[[ Raw data, beginning ]]
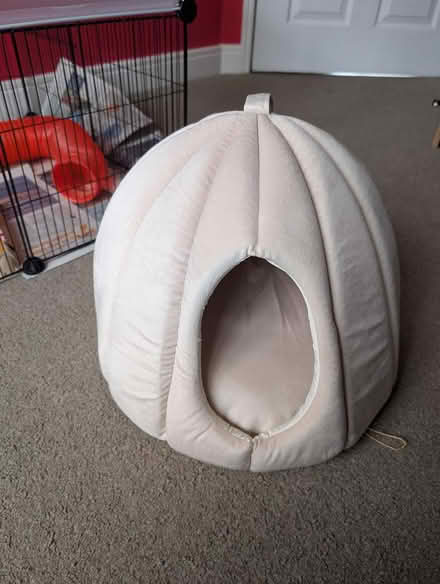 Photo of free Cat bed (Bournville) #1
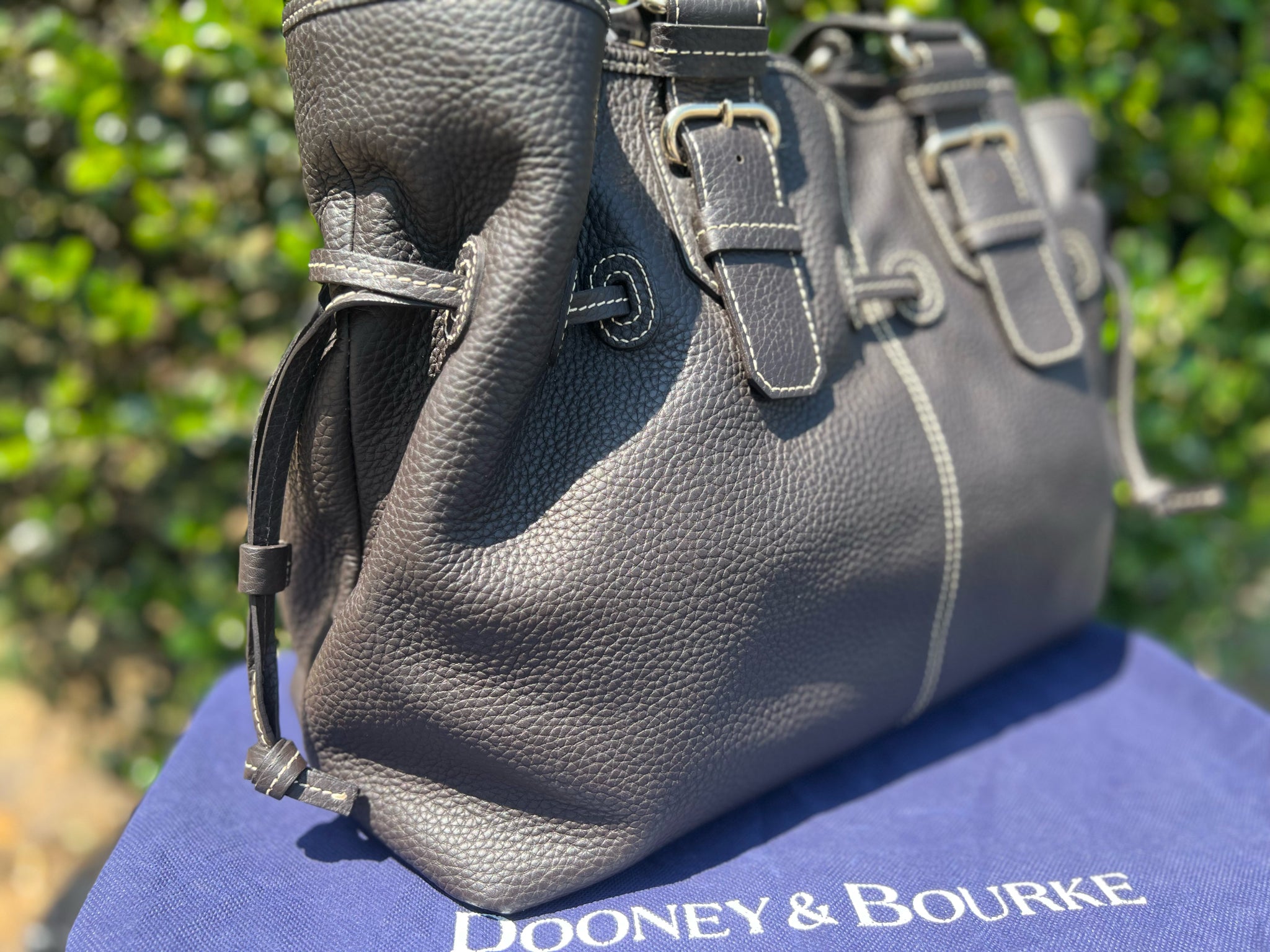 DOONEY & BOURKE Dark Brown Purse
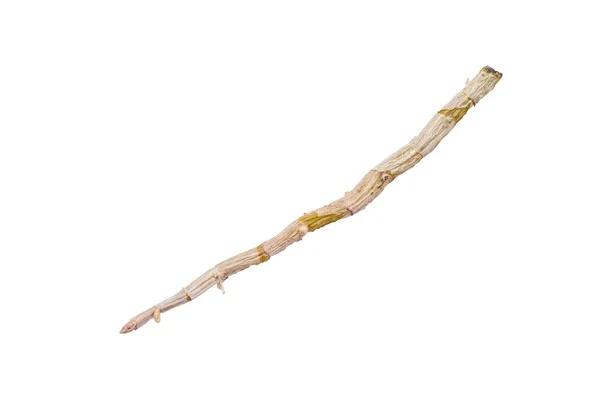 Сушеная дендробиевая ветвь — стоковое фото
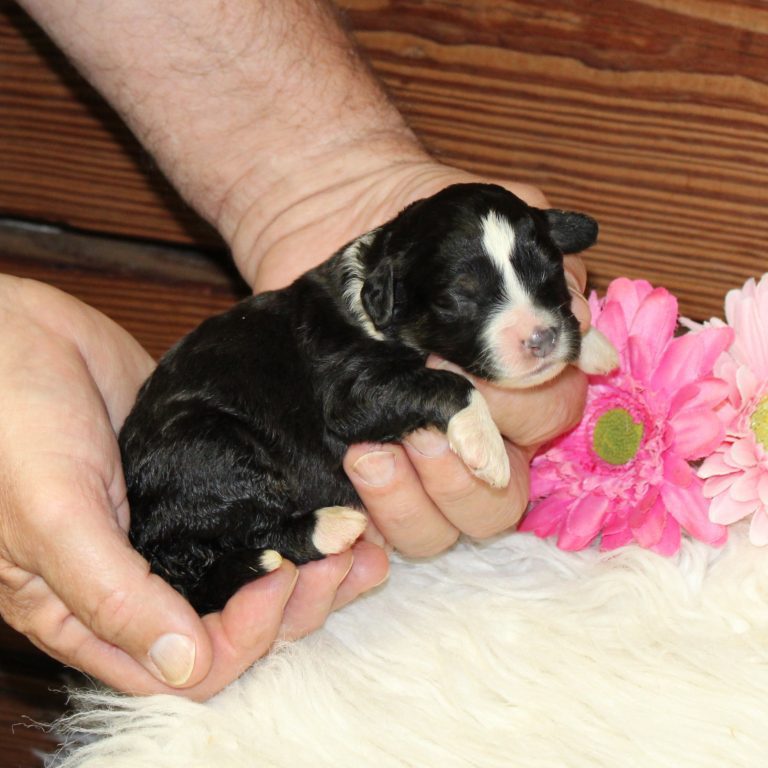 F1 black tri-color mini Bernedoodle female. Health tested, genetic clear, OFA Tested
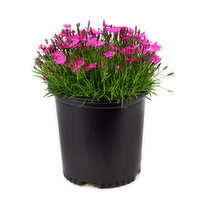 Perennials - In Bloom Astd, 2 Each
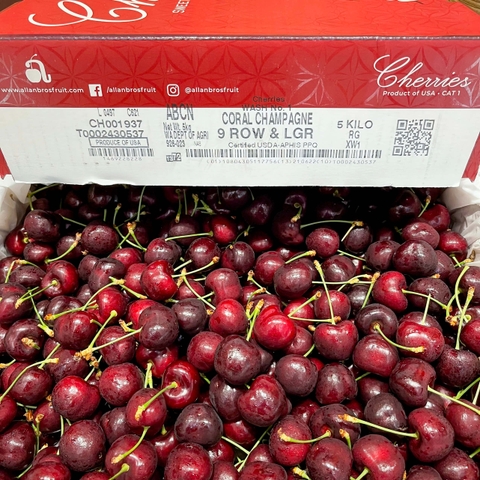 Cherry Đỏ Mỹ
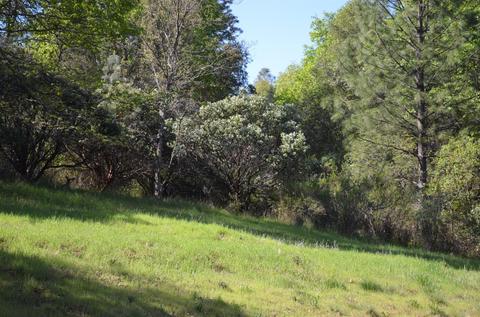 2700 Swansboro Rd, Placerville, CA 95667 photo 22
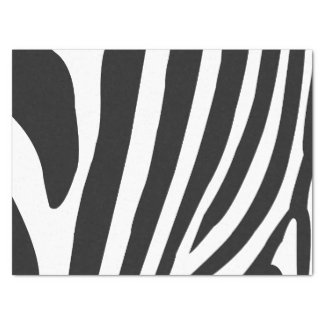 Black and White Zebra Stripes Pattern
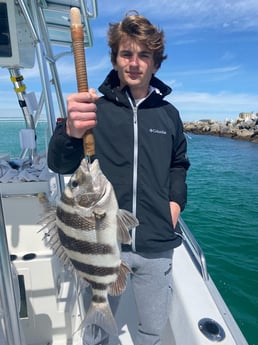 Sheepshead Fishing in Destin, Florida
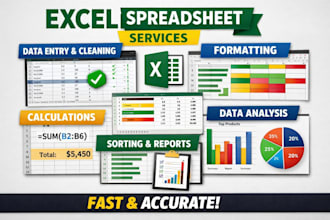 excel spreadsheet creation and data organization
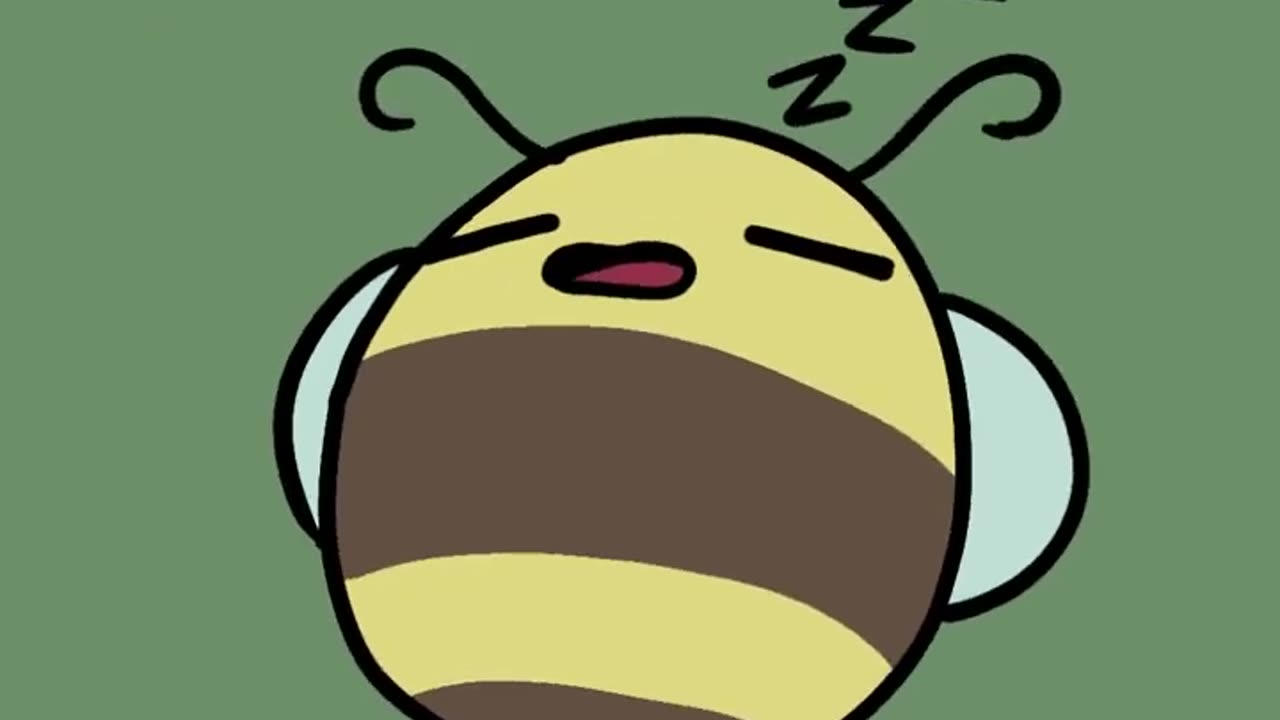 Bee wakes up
[[ Raw data, end ]]
» **Your goal**:
Your answer must be the lines from the opening line of the entries through the line holding "Cherry Đỏ Mỹ", written out exactly and without any picture.

» **Answer to this exercise**:
 Photo of free Cat bed (Bournville) #1
 DOONEY & BOURKE Dark Brown Purse
 Сушеная дендробиевая ветвь — стоковое фото
 F1 black tri-color mini Bernedoodle female. Health tested, genetic clear, OFA Tested
 Perennials - In Bloom Astd, 2 Each
 Cherry Đỏ Mỹ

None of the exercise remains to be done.